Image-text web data

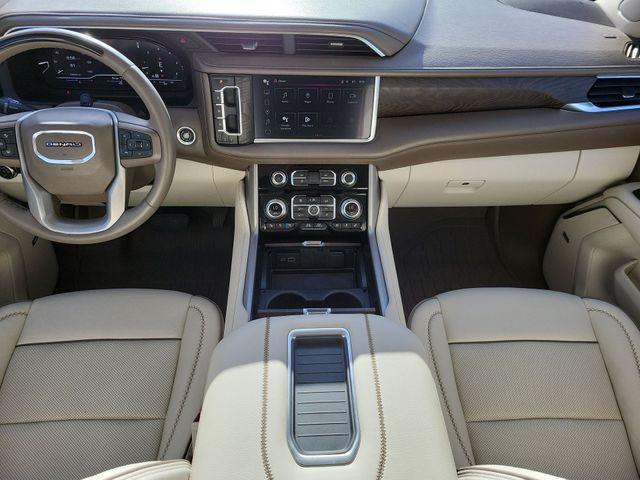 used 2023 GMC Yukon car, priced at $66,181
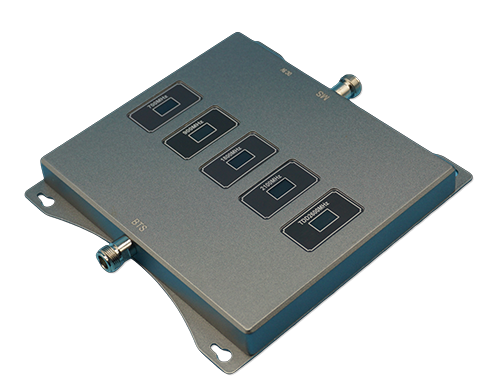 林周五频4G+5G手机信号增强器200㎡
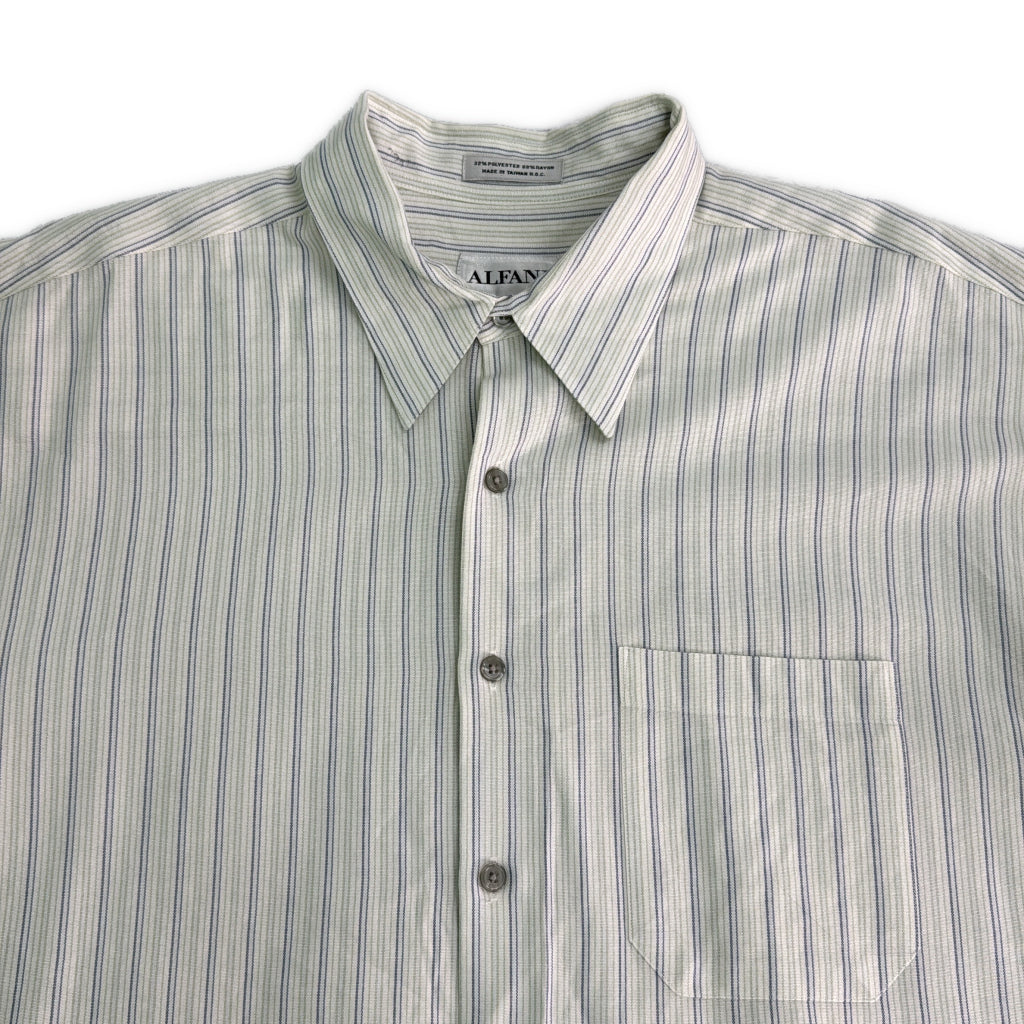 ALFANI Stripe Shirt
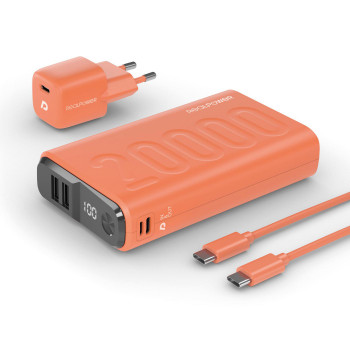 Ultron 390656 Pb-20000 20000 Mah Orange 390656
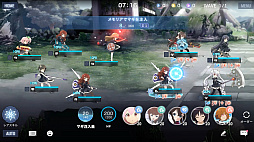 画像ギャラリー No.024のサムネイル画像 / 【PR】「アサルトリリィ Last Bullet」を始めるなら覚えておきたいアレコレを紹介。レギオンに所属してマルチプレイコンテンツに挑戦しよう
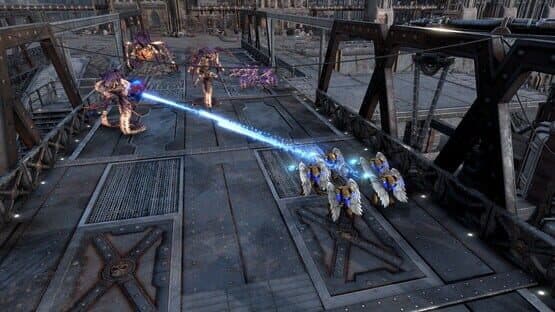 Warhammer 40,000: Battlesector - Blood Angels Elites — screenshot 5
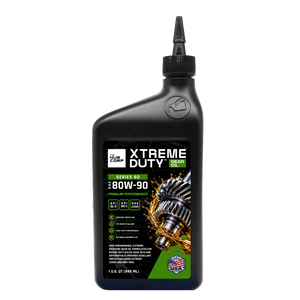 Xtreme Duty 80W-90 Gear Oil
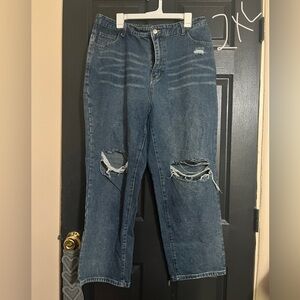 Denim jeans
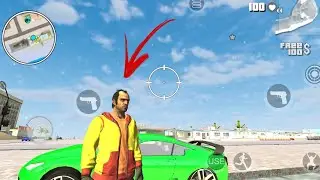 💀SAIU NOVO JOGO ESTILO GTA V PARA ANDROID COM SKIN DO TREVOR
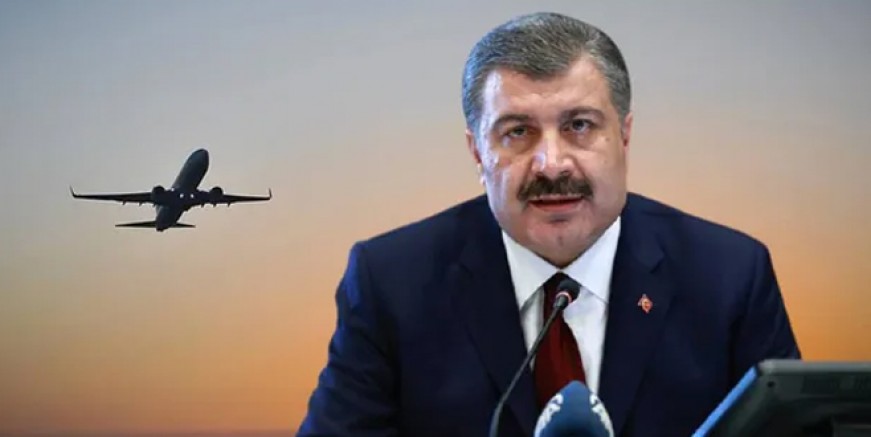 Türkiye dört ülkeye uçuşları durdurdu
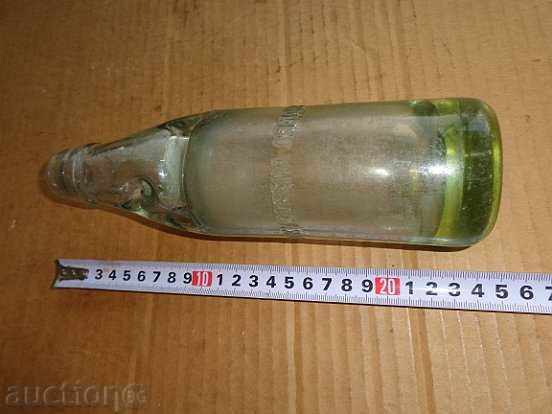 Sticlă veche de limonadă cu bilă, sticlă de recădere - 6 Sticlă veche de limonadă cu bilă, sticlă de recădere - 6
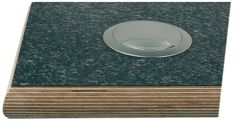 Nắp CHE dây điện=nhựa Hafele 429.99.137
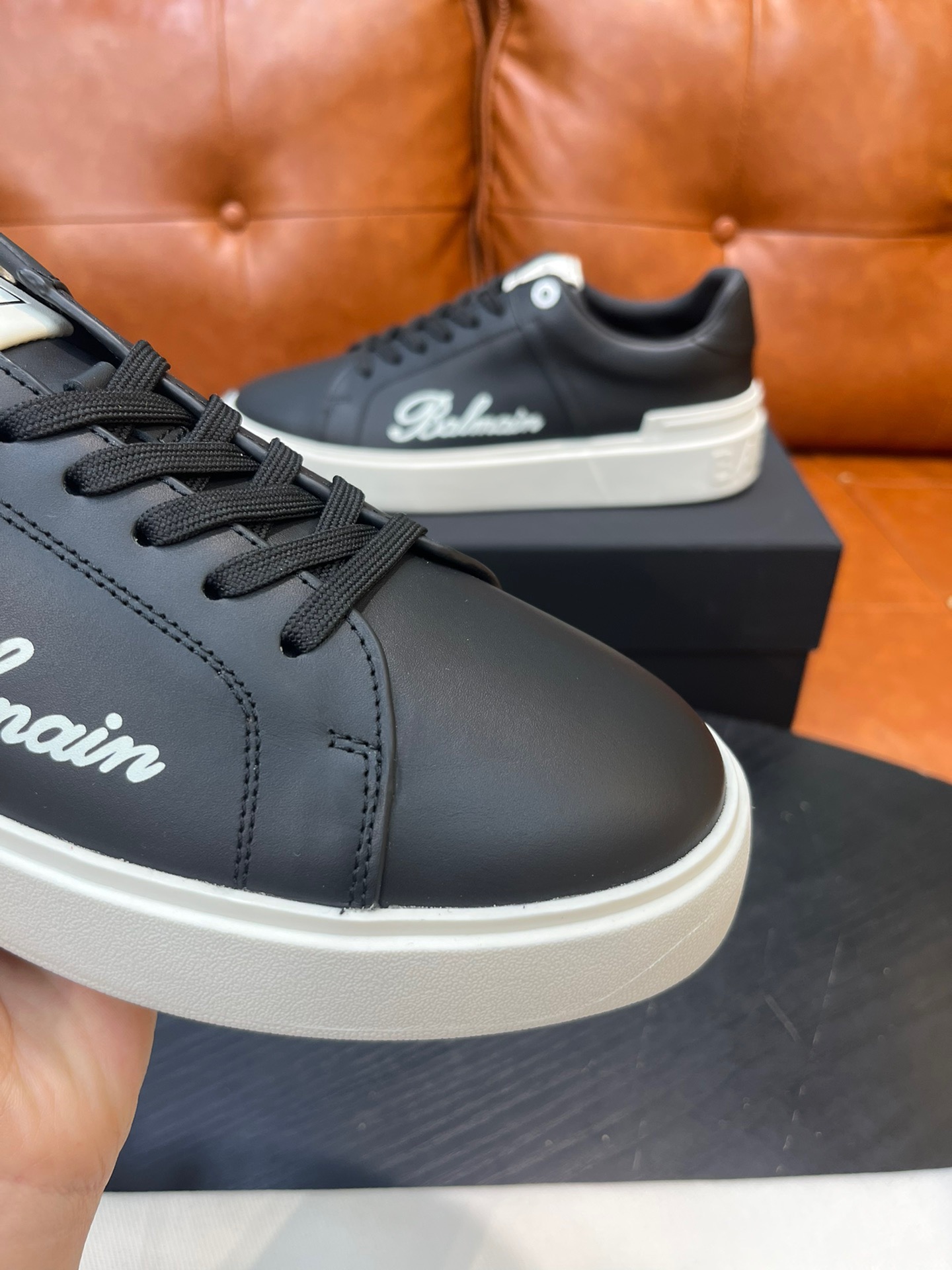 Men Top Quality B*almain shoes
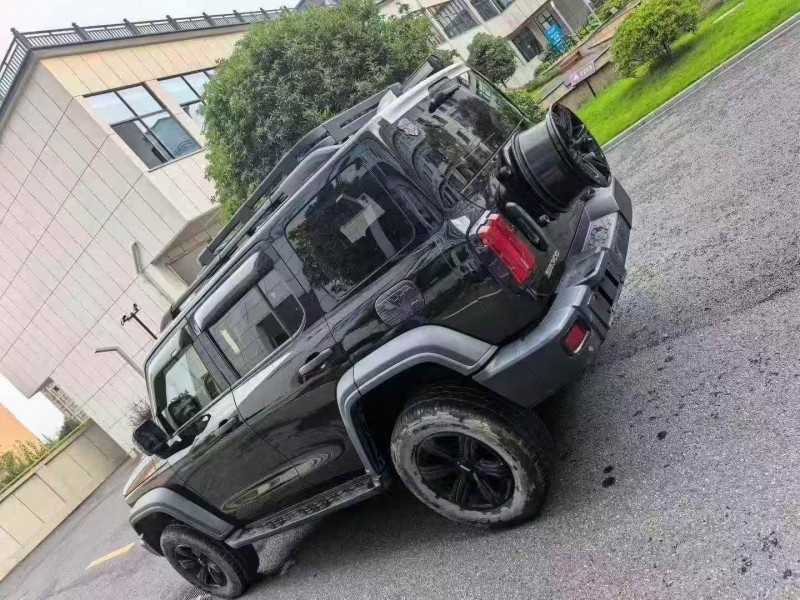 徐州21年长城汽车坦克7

Exercise details:
Each line from the one containing "SKIN DO TREVOR" down to the final line of the records above must be reproduced exactly; no pictures go into the copy.

Response to this task:
 💀SAIU NOVO JOGO ESTILO GTA V PARA ANDROID COM SKIN DO TREVOR
 Türkiye dört ülkeye uçuşları durdurdu
 Sticlă veche de limonadă cu bilă, sticlă de recădere - 6 Sticlă veche de limonadă cu bilă, sticlă de recădere - 6
 Nắp CHE dây điện=nhựa Hafele 429.99.137
 Men Top Quality B*almain shoes
 徐州21年长城汽车坦克7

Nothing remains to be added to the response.